Moving Beyond Arbitrary Percentiles: Data-Driven Biomarker Cutoffs with Gaussian Mixture Models
How Gaussian Mixture Models provide biologically-motivated biomarker cutoffs as an alternative to arbitrary percentiles, with R and Python code examples.
In biomarker research, one of the most consequential decisions is also one of the least discussed: how do you define “high” versus “low” expression?

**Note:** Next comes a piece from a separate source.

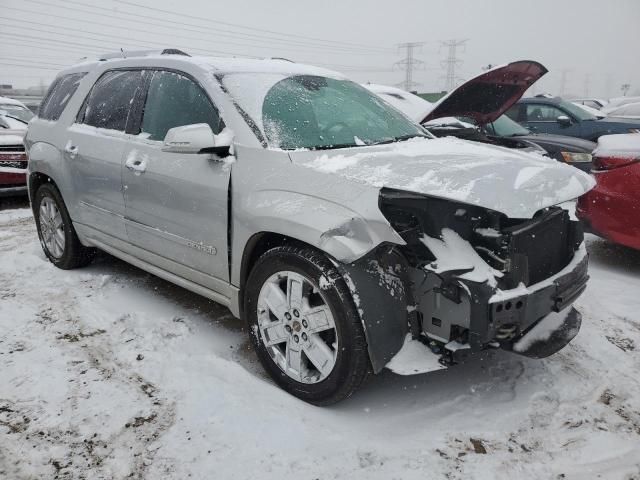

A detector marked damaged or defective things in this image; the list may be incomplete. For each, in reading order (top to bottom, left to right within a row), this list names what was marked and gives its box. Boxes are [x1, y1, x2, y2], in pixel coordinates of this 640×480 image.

damaged gmc acadia [26, 53, 596, 404]
crushed front end [378, 188, 588, 364] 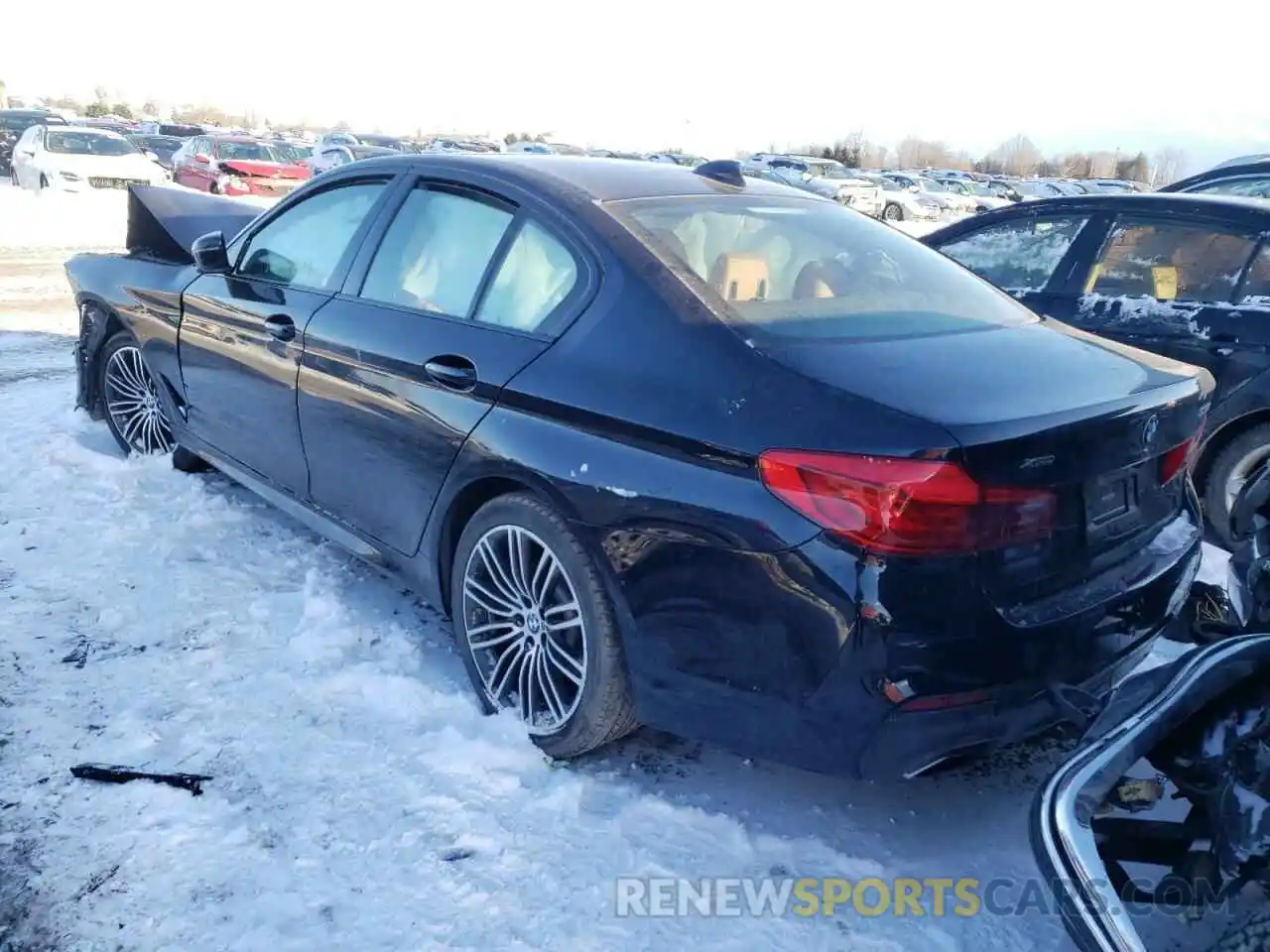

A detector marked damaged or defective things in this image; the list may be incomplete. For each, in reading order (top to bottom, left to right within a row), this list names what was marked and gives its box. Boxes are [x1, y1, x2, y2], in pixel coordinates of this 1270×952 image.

The most common approach is to pick a percentile — median split, upper tertile, upper quartile — and use it as the cutoff. Percentile-based cutoffs are widely used because they’re simple, reproducible, and easy to standardize across studies. The problem is that they’re often biologically arbitrary. The biology doesn’t care about your 67th percentile.
There’s a better way.
The Problem with Percentile-Based Cutoffs
Percentile cutoffs assume that the population is uniformly distributed along the expression axis and that a fixed fraction of samples should fall into the “high” category. Neither assumption is usually true.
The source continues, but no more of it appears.